3. A person is not to be treated as unable to make a decision merely because he makes an unwise decision.
4. An act done, or decision made, under this Act for or on behalf of a person who lacks capacity must be done, or made, in his best interests.
5. Before the act is done, or the decision is made, regard must be had to whether the purpose for which it is needed can be as effectively achieved in a way that is less restrictive of the person's rights and freedom of action.
The guideline helps health and social care practitioners to implement these principles and improve the quality of the decision-making support they provide. It applies to a range of decisions, including care, support and treatment, financial matters and day-to-day living, and aims to be proportionate, recognising that practitioners may need to provide rapid assistance in emergencies.

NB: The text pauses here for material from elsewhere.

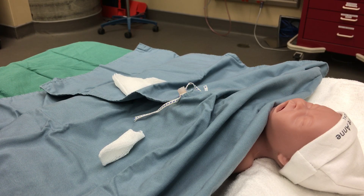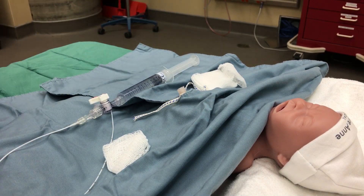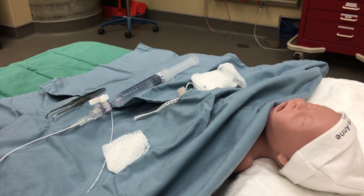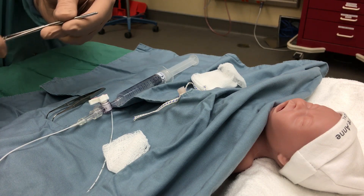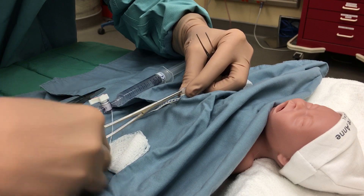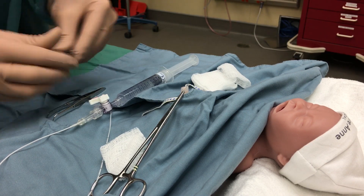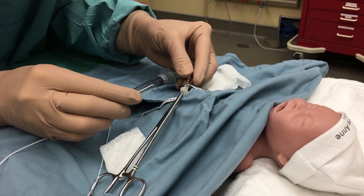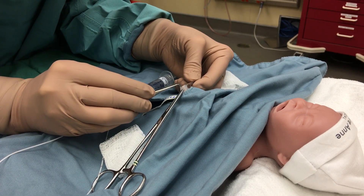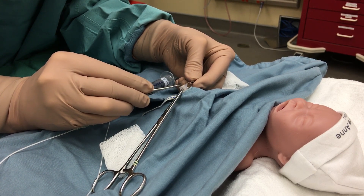We want to prepare to cannulate the artery first, so we get our equipment on our sterile field and prepared. We want a mosquito forceps first to stabilize the cord, and an iris forceps in the other hand. That helps hold the cord in place. Having located the artery, we very carefully — ensuring we don't make a false passage — dilate the artery.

The guideline is based on the best available evidence from research, expert testimony, expert consensus and developments in law. It also identifies where evidence is lacking and makes recommendations for future research. The recommendations for research address the following: training and support for practitioners, interventions to support and improve decision-making capacity for treatment, advocacy and support for decision-making, mental capacity assessment tools, and the components of a mental capacity assessment.
The guideline applies to, and reinforces, the assessment, support and exercise of capacity whenever this is required by legislation, including but not confined to the Mental Capacity Act 2005, Mental Health Act 1983 and Care Act 2014. Practitioners should use the guideline to enhance the specific requirements of such legislation, codes of practice and other guidance relevant to their work. The guideline does not seek to repeat these, or be a step-by-step guide to their implementation.

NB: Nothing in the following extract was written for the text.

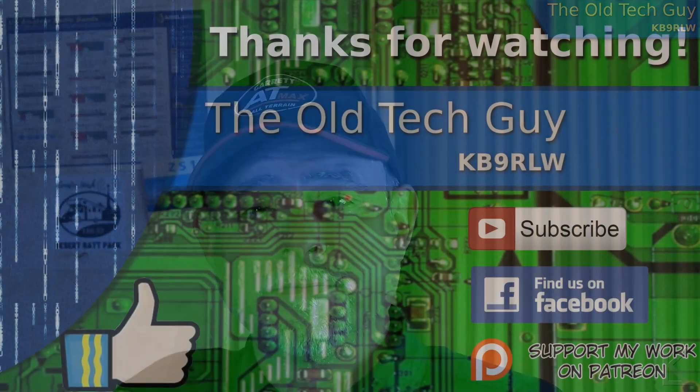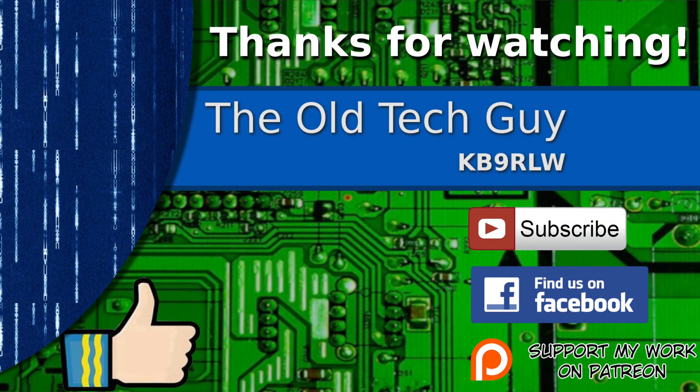We'll see you in the next video. Thanks for watching. If you enjoyed the video, don't forget to give it a thumbs up. If you're not already a subscriber, click to subscribe. Join us on the Facebook channel for discussion about the videos, and if you'd like to help support this channel, please click to support me on my Patreon page.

Decision-making and mental capacity can be a particularly complex area for young people aged 16–18 years. A detailed overview of the legal provisions relating to the care and treatment of young people falls outside the scope of this guideline. However, the Children Act 1989 and Children and Families Act 2014 interface with the other Acts referred to above and in some circumstances provide an additional framework for the way in which young people should be involved in decision-making about their lives.
Where a young person over 16 is found to lack capacity to make a particular decision, it is important that the best interests process under the Mental Capacity Act 2005 is followed and that young people are as involved as possible in decisions made on their behalf.

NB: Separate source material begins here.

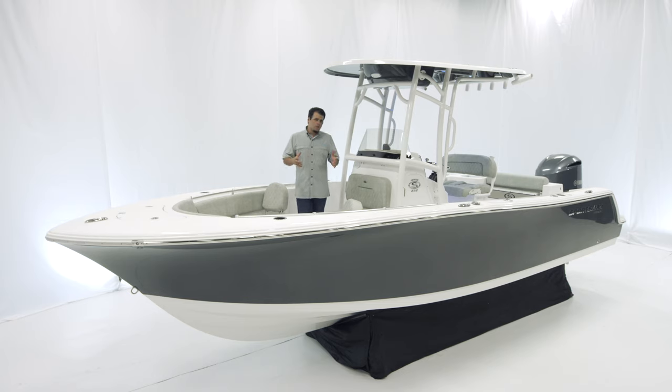With its superior ride quality, spacious layout, and family comforts, the Open232 is, well, to us, the best 23-foot center console on the water. And as with every other Sportsman boat, this boat is NMMA certified and built to ABYC standards — that represents the highest safety standards in the boating industry. If you have any questions on this boat or any other Sportsman model, visit our website at sportsmanboatsmfg.com or contact your local dealer. Thanks for watching.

In some cases, it will be possible for someone with parental responsibility to make a decision on behalf of the young person who lacks capacity. However, this will not always be appropriate. In these circumstances, the Mental Capacity Act Code of Practice should be followed to determine who should lead the best interests process.
Effective safeguarding identification and processes must always be followed, with acute awareness necessary among practitioners about the more subtle forms of abuse such as coercion. Practitioners must always refer to local safeguarding procedures.
The guideline focuses on the following key areas:
advance care planning
assessment of mental capacity to make specific decisions at a particular time
best interests decision-making for individuals who are assessed as lacking capacity to make a particular decision at a particular time.
The structure of the guideline is as follows:
Sections 1.2, 1.4 and 1.5 each begin by citing the relevant principle from the Mental Capacity Act 2005 along with an explanatory note about the practical application of the principle. This helps to ensure that the recommendations are interpreted within the framework of the Mental Capacity Act and Code of Practice.
The guideline does not cover:
decision-making activities and support for children under 16 years
the issue of deprivation of liberty and the Deprivation of Liberty Safeguards processes.